My first visit to the USA was in the 1960’s. At art school in Glasgow I had been influenced by the abstract expressionists and was excited to see their work and meet some of them in person. In the course of travelling around the USA I began to realise that the abstract concerns in my work were no longer sufficient to express how I felt about making paintings. When I returned to the UK I wanted to work in a way that incorporated more personal concerns.
Autobiographical paintings emerged, drawn from my own experiences, and this change drew me to figuration and representation. Prior to attending Glasgow school of Art I worked, in the late 1950’s, as a salesman in a Glasgow Gentleman’s outfitters. In the 1970’s I began reflect on and to make paintings about that earlier period in my life. The anger and confusion of the young salesman is expressed in a series of pictures made from the distance of twenty years. Political comment is mingled with personal experience in the ‘Salesman’ pictures.
See James Hamilton’s 1982 catalogue essay under essays/reviews section for critical aspects about this work. , and video ‘Nature Lessons’
As I moved on from the personal narrative concerns of this earlier autobiographical phase the work became more emblematic and opened up to involve the natural world. . The relationships between people ,animals, and places are just slightly off centre. Hierarchical elements came into play , giving a metaphorical and allegorical slant to these works.
See catalogue essay ‘No Hard Feelings’ by Sarah Kent Third Eye centre Glasgow 1985 and catalogue essay ‘Nothing Natural’ Philip Dodd 1992
Photography and found objects has played an important role in gathering material for later paintings. I made a series of paintings based on my own black and white photographic prints, inventing the colour from memory, allowing the place and atmosphere to suggest traces of the people who had once populated the spaces. This resulted in a group of works called ‘Empty Quarter’ 2002 .
See David Brittain’s catalogue essay ‘Glasgow Boy on the Beach’ for more comments.
In recent years my work has been influenced, by 50’s black and white films – in particular ‘film noir’. This change came about when I was working on the LA paintings, and I noticed that the backgrounds to the paintings were becoming more significant ,and paralleled background shots from films of this period. I now shoot stills from some of these films and adapt them for paintings.

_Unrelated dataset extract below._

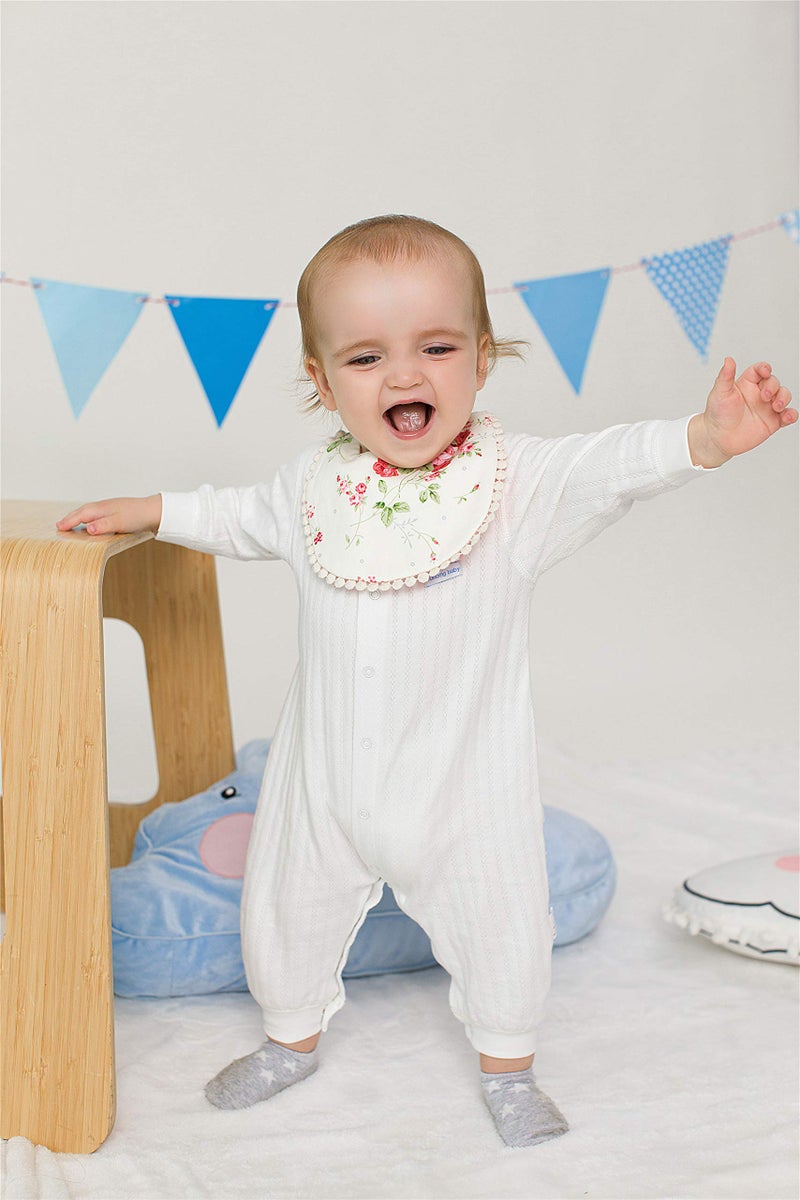 GZMM Baby Bib For Girls,Reversible Waterproof Handmade Natural Cotton Baby Drool Bib 0-12 months 2 Pack - Image 3
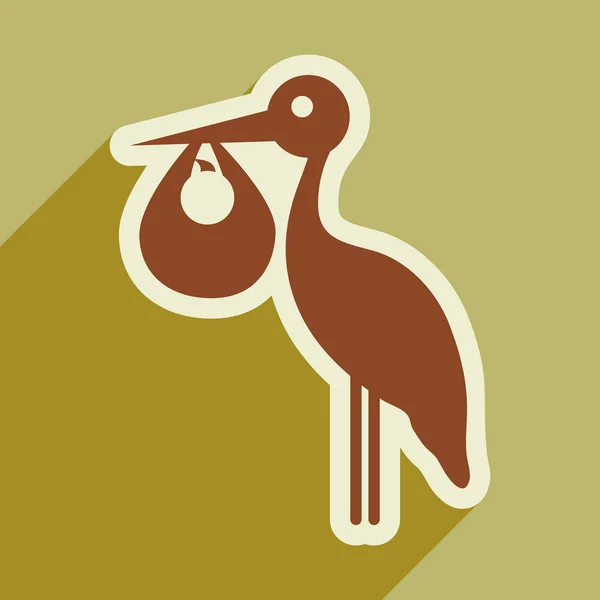 Flat icon with long shadow Stork and newborn baby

Returning to Los Angeles regularly, over the years between 1995 – 2008 I was excited by the place and inspired to shoot photographs, from which I based many paintings. These paintings were made in my studio at home in the UK. Therefore the colour and atmosphere were partly invented or conjured from memory. This results in a deliberate out of kilter sensation as the memories, distort colour and form and at times evoke another country. This is the feeling that I wanted to convey through my paintings about a unique, exciting and at times alienating, part of the world .
A natural consequence of these LA paintings was to look around me nearer home for subject matter for paintings. I became aware of the ever changing nature of the River Thames and to make paintings based on photographs taken from boat journeys along that river. Observing the transformation that was taking place , as old warehouses were being turned into luxury flats, my paintings draw out the powerful contrast between the flow of the river and the buildings that frame it.
This project is still in progress and I am continuing to work on the paintings in this series.